-- RECORD EXTRACTS follows --

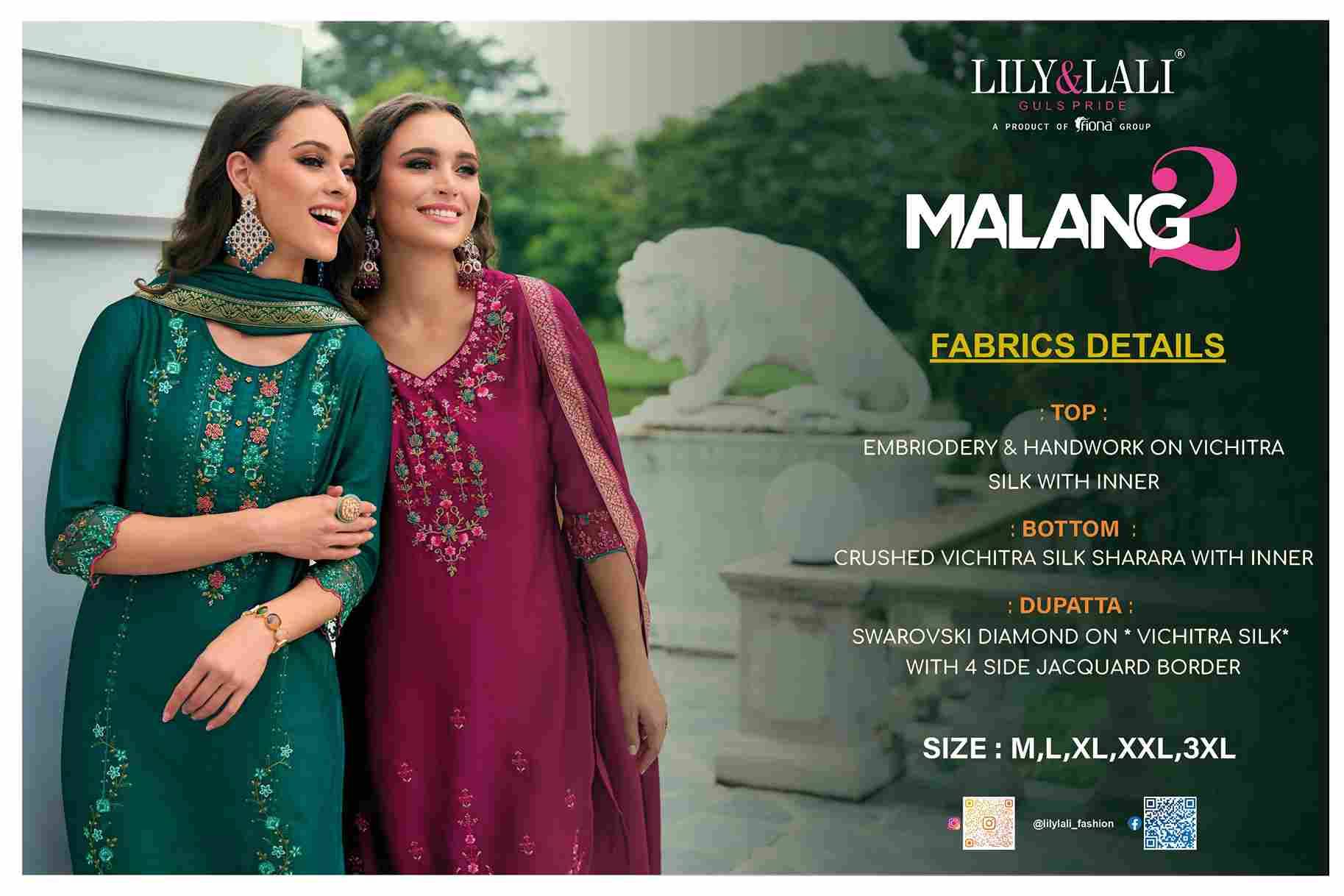 Malang Vol-2 By Lily And Lali 22701 To 22706 Series Beautiful Festive Suits Colorful Stylish Fancy Casual Wear & Ethnic Wear Vichitra Silk Dresses At Wholesale Price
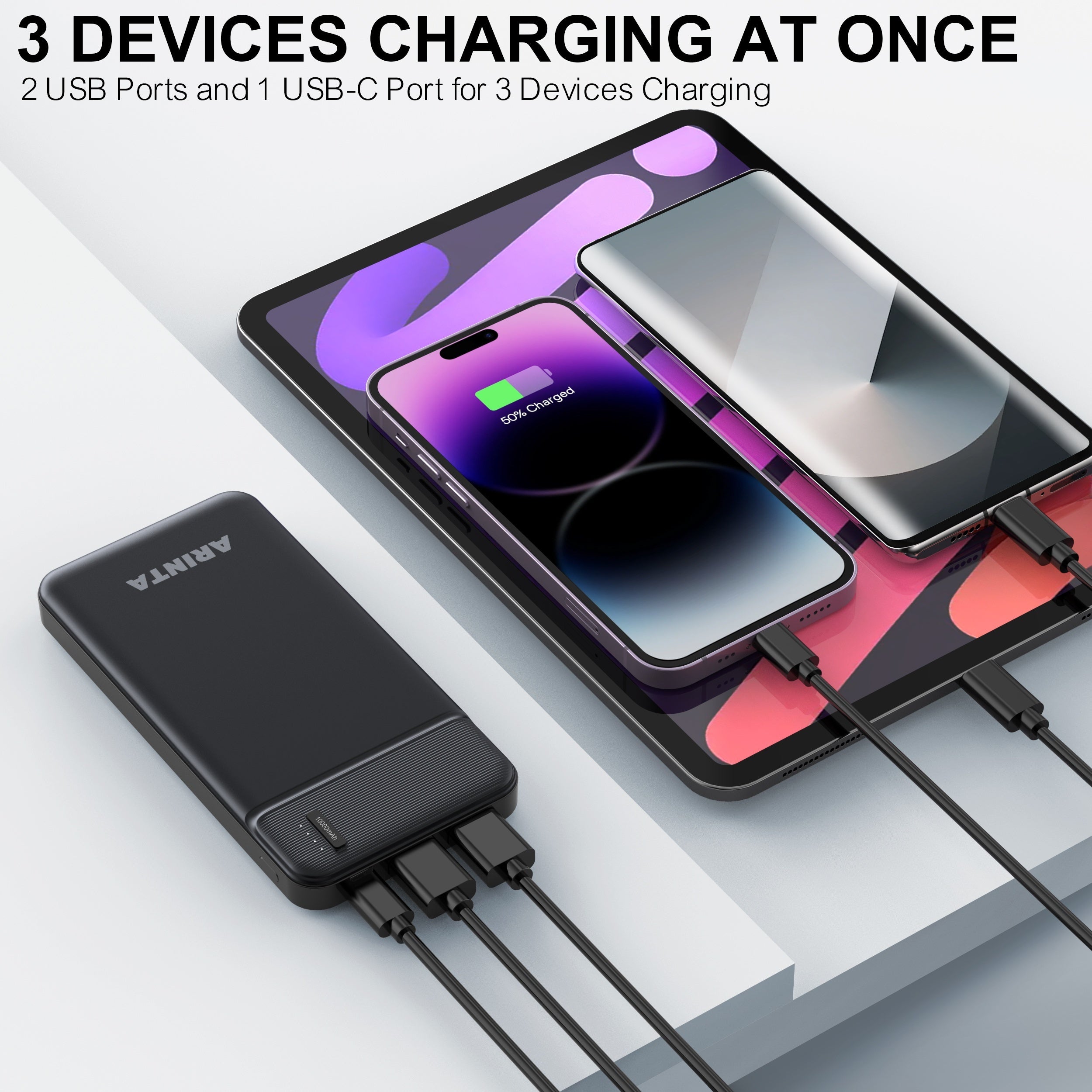 10000mAh Power Bank Battery Pack Portable Charger, Travel Essentials, PD 22.5W Super Quick Charge, Slim Deisgn & Compatible For, Smartphones, Tablets, Heated ClothesGifts For Men Women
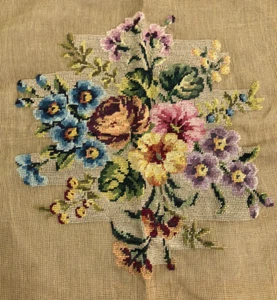 "Lona Hiawatha Heirloom inglesa francesa floral preelaborada a punta de aguja 23""" - Imagen 1 de 10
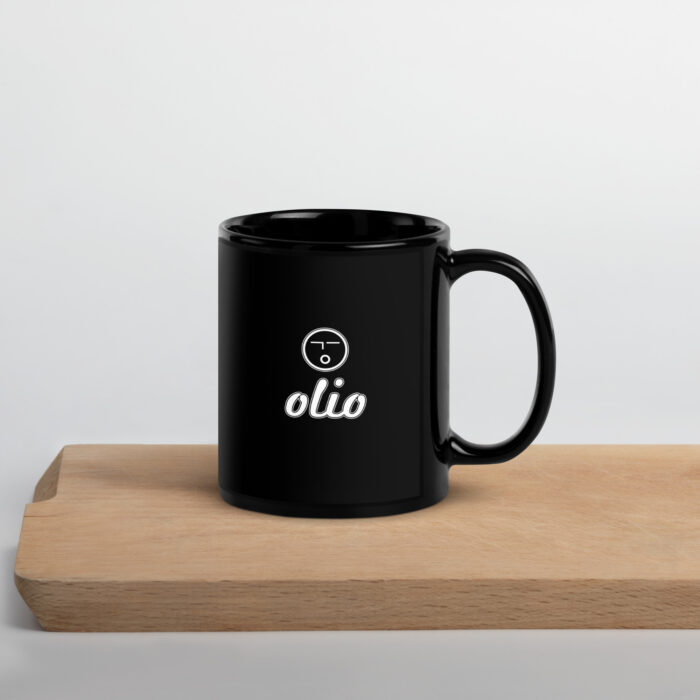 Olio Black Glossy Mug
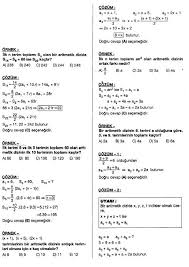 11 Sinif Diziler Konu Anlatimi Matematik Aritmetik Sinif
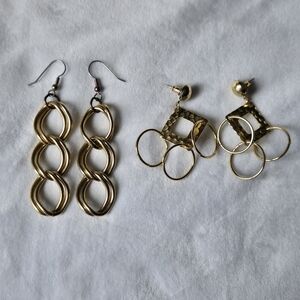 Gold Hammered And Chain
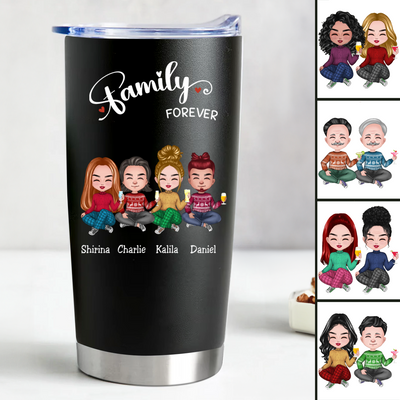 Family - Family Forever - Personalized Tumbler (BL)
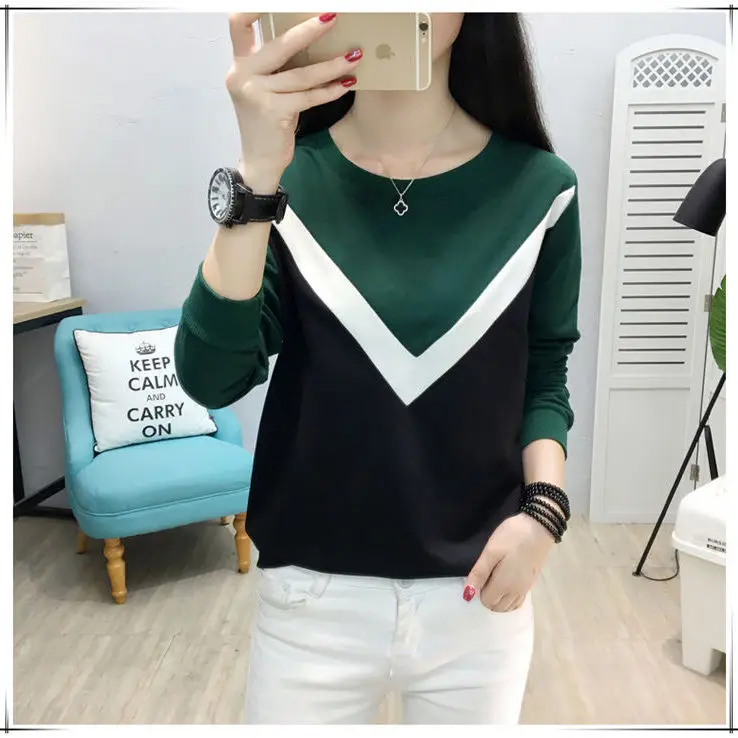 Женские футболки женская футболка с длинным рукавом осень и зима свободные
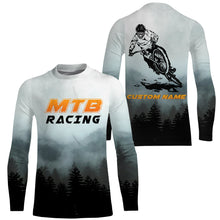 Load image into Gallery viewer, Mountain Bike Shirt Downhill Jersey, Custom All Over Print Shirt, Racing Bicycle Shirt, MTB Jersey| JTS454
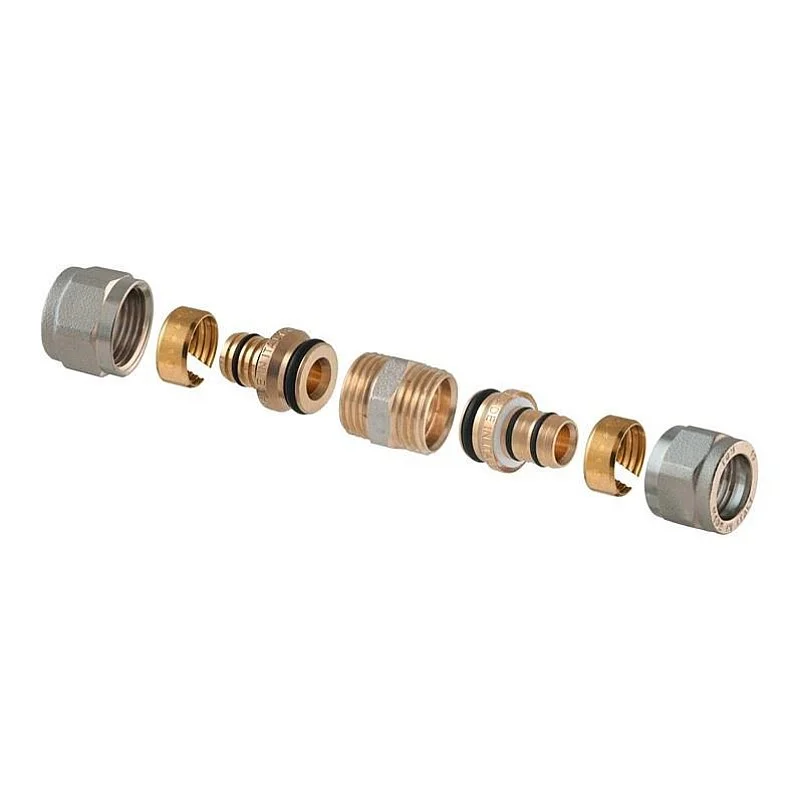 Izjaucams savienojums. 16x16 mm. TDM Brass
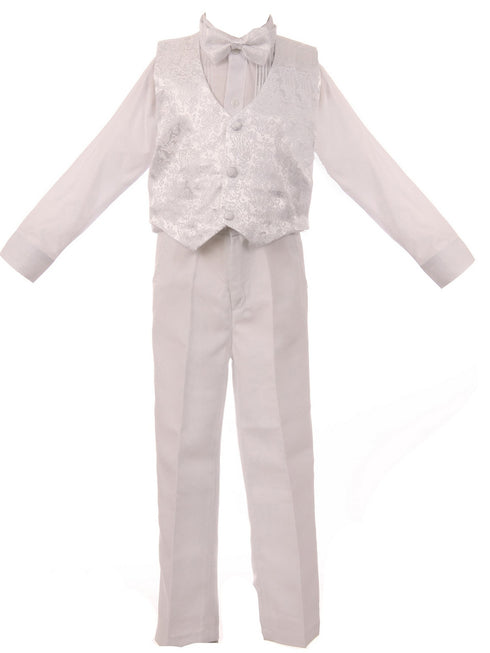 Rain Kids Boys Multi Color Jacquard Detailing Special Occasion Tuxedo Set 2T-20 - SophiasStyle.com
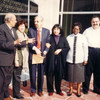 عصام الخانجي (أقصى اليمين) مع زملائه من مكتب المنسق الإنساني في العراق قبل تفجير عام 2003.
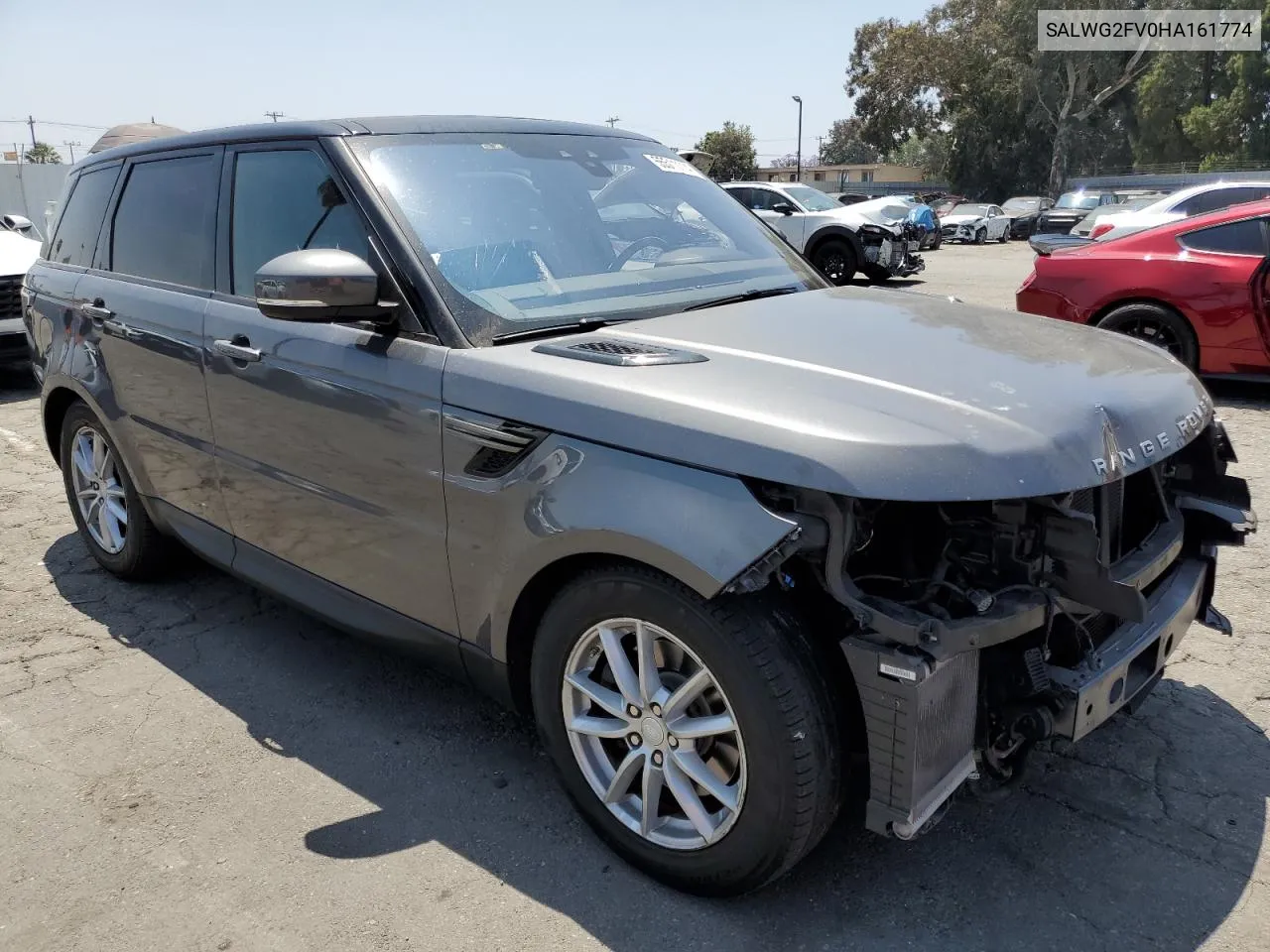 2017 Land Rover Range Rover Sport Se VIN: SALWG2FV0HA161774 Lot: 55511114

-- RECORD EXTRACTS concluded --

PROBLEM REQUIREMENTS -
In the copy, include all records verbatim but no images.

WRITTEN RESPONSE -
 Malang Vol-2 By Lily And Lali 22701 To 22706 Series Beautiful Festive Suits Colorful Stylish Fancy Casual Wear & Ethnic Wear Vichitra Silk Dresses At Wholesale Price
 10000mAh Power Bank Battery Pack Portable Charger, Travel Essentials, PD 22.5W Super Quick Charge, Slim Deisgn & Compatible For, Smartphones, Tablets, Heated ClothesGifts For Men Women
 "Lona Hiawatha Heirloom inglesa francesa floral preelaborada a punta de aguja 23""" - Imagen 1 de 10
 Olio Black Glossy Mug
 11 Sinif Diziler Konu Anlatimi Matematik Aritmetik Sinif
 Gold Hammered And Chain
 Family - Family Forever - Personalized Tumbler (BL)
 Женские футболки женская футболка с длинным рукавом осень и зима свободные
 Load image into Gallery viewer, Mountain Bike Shirt Downhill Jersey, Custom All Over Print Shirt, Racing Bicycle Shirt, MTB Jersey| JTS454
 Izjaucams savienojums. 16x16 mm. TDM Brass
 Rain Kids Boys Multi Color Jacquard Detailing Special Occasion Tuxedo Set 2T-20 - SophiasStyle.com
 عصام الخانجي (أقصى اليمين) مع زملائه من مكتب المنسق الإنساني في العراق قبل تفجير عام 2003.
 2017 Land Rover Range Rover Sport Se VIN: SALWG2FV0HA161774 Lot: 55511114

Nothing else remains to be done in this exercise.